Her journey into the humanitarian world wasn’t accidental. It was born from witnessing Gaza’s protracted crisis; a crisis that has turned generations into survivors. She believed that NGOs and INGOs were among the few institutions left capable of offering young people hope, dignity, and a future worth imagining. And so, she joined the struggle with purpose.
When the most recent war erupted, Norhan found herself paralyzed not by choice, but by circumstance. Trapped in northern Gaza, movement was dangerous and life was suspended. She, a woman committed to helping others, suddenly couldn’t help herself. “I wanted to act,” she said. “But I was afraid for my life.”

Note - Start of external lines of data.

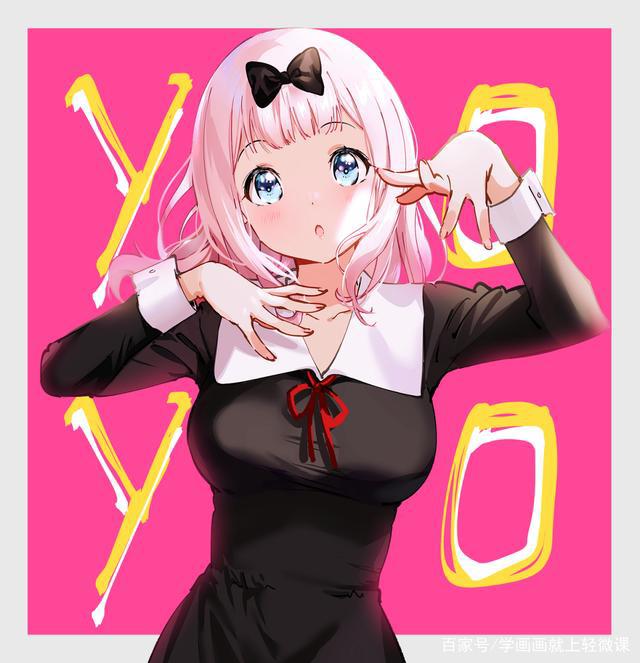 P站有哪些热门画师？这个画师别错过！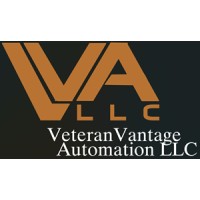 VeteranVantage Automation LLC logo - Similar company to Raider Technology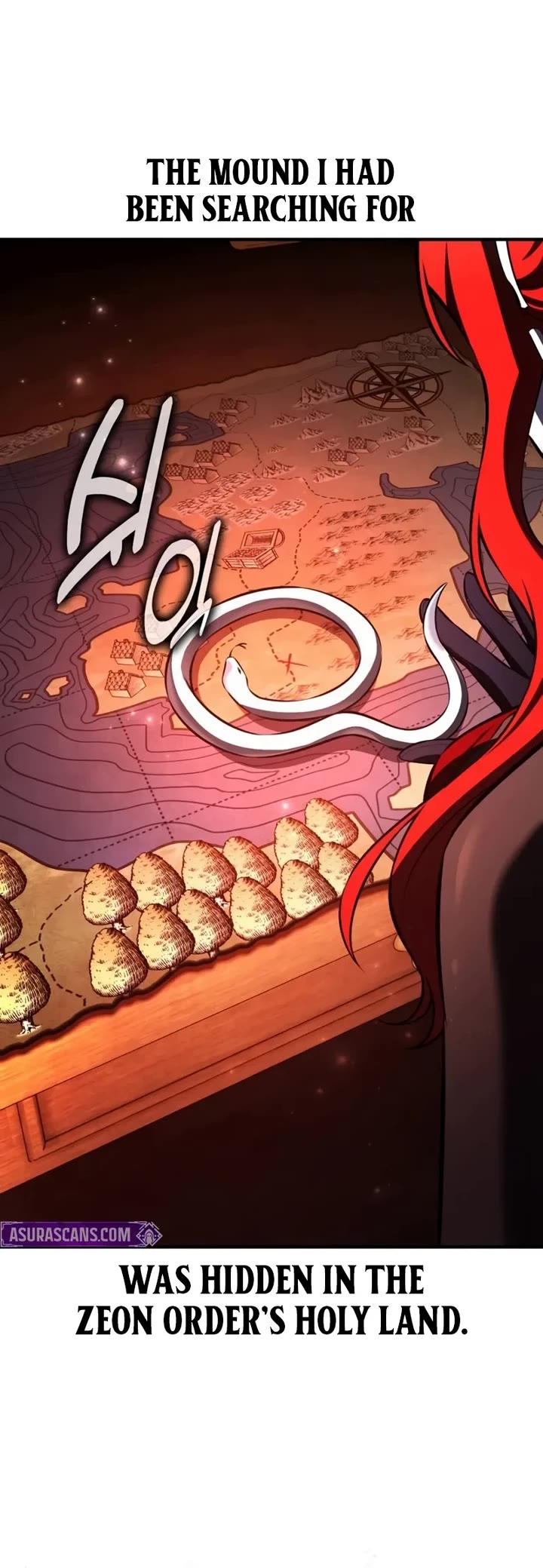 I Killed an Academy Player chapter 107 page 15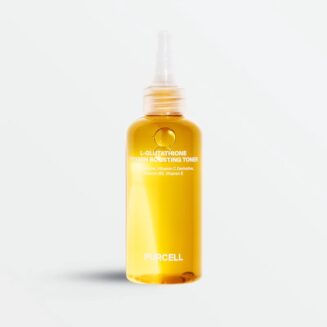 PURCELL L-GLUTATHIONE VITAMIN BOOSTING TONER (150ml)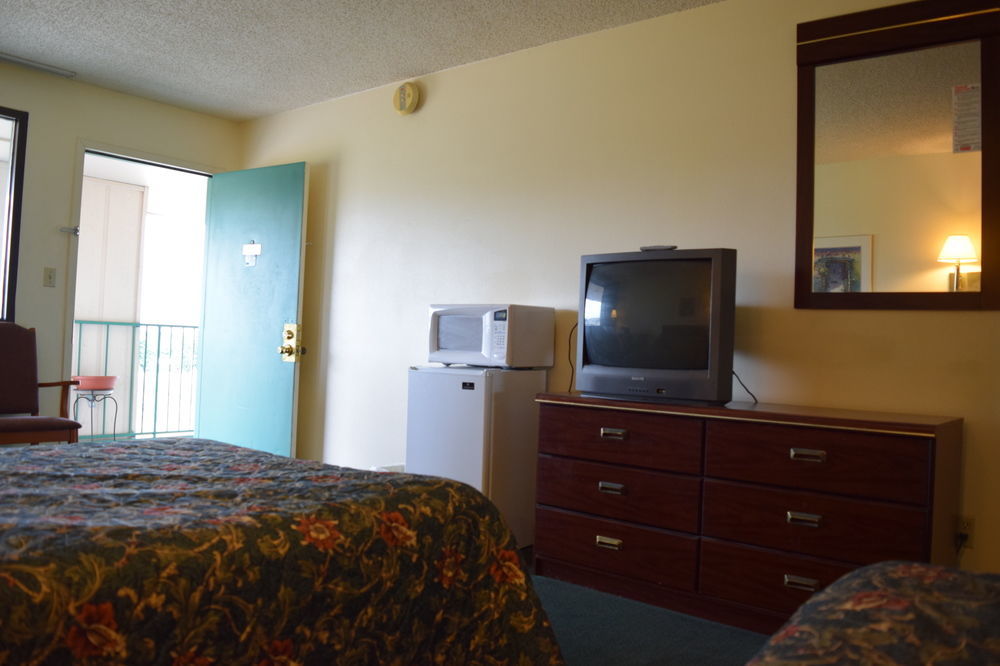 Traveler Inn Craig Kültér fotó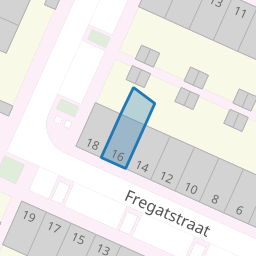 Perceel ASD32-AM-1240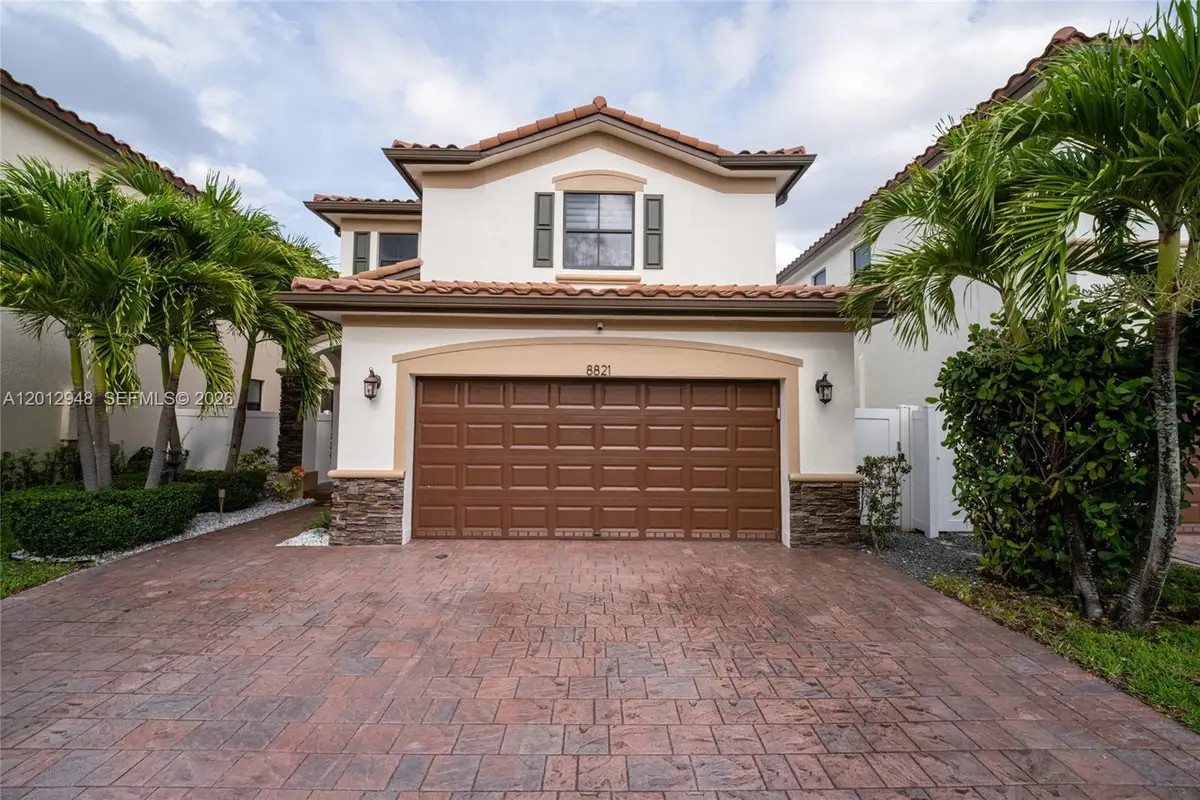 8821 W 34th Ct, Hialeah, FL 33018 - #1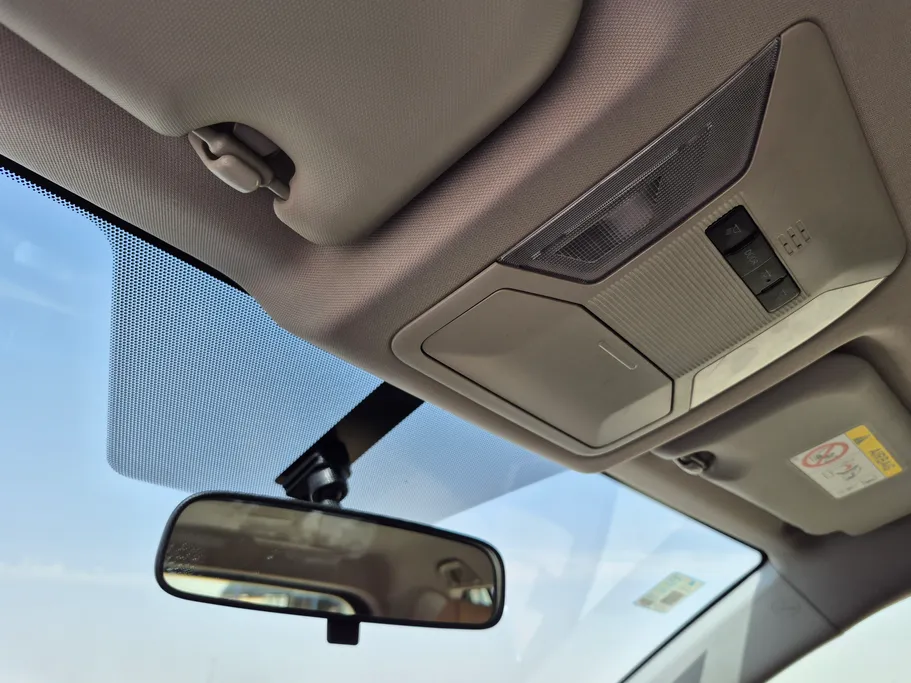 تويوتا راف فور LE 2022 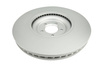 DBA Utcai sorozat első féktárcsa - En-Shield - sima - DBA3028E JAGUAR F-Type XF X250 Sportbrake XFR XFR-S XJ XJR XKR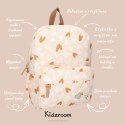 Plecak dla dzieci L Loving Days pink KIDZROOM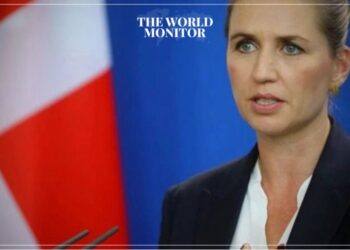 Denmark to Send Artillery to Ukraine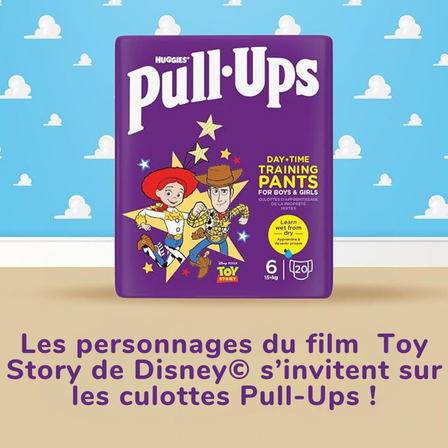PU DISNEY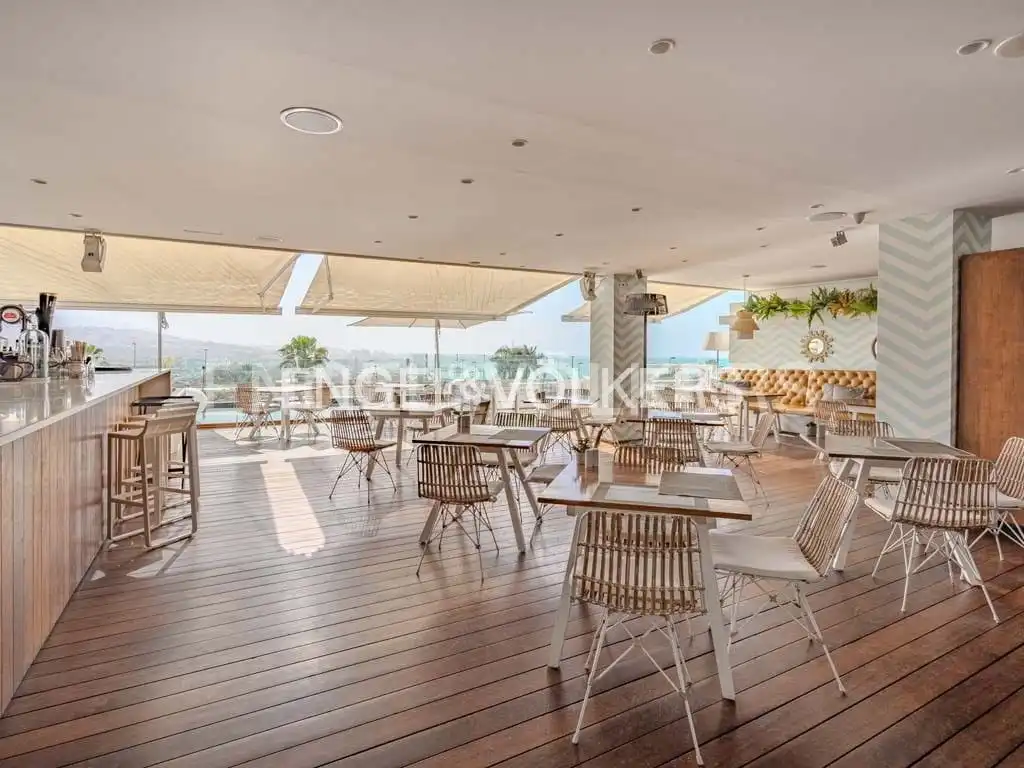 Wohnung zum Verkauf in Playa del Duque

After months of silence and survival, she returned as a frontline responder. Joining MAP’s team again in the north, she began supporting health facilities in Gaza City, standing shoulder to shoulder with exhausted healthcare workers trying to save lives in impossible conditions.
The stories she carries now are heavy. A mother’s scream after her two-year-old daughter died in the PICU. An eight-month-old baby girl paralyzed in her sleep by shrapnel. These aren’t just anecdotes; they’re scenes that replay in her min; raw, unfiltered, and permanent.
Still, Norhan continues. For her, it’s a bitter-sweet reality. “It’s painful,” she admits, “but when we save a life, when we help even one baby survive, it’s worth it.”
There are days when the weight is too much. No electricity. No stable internet. No safe place to breathe. And yet, she finds ways to cope. She reads novels. She listens to music. She tries to recreate moments of normalcy in a world that is anything but.
Despite the chaos, her impact is tangible. Her work is helping Gaza’s health sector stay afloat. It’s keeping premature babies alive, ensuring mothers can hold newborns in their arms, and giving families a fighting chance.
As a woman, Norhan faces challenges others may not see. The fear, the isolation, the responsibility - it all hits harder when safety is no longer guaranteed. But her identity as a woman also gives her insight. She sees what others overlook. She designs interventions that center the needs of women; the often-unspoken, neglected parts of survival.
What gives her pride isn’t status or recognition, rather it’s the smile of a mother, the breath of a child, the simple victory of life persisting.
Her message to other women, especially those in conflict zones, is simple but profound: “Believe in yourself. You are capable of more than you know. War shows us what we’re made of, and we are made of strength.”
When asked about the future, Norhan doesn’t hesitate. For Gaza, she hopes for peace, freedom, and leadership that sees people before politics. For herself, she dreams of reunion; to see her sister and her family again. To live not in fear, but in peace.
And if the world were listening, for just one minute, her words would echo like a plea, and a truth:
“We deserve to live. We love life. We deserve joy, safety, and choice. Just imagine if it were you. How would it feel to live like this, and know the world is watching, and is still silent?”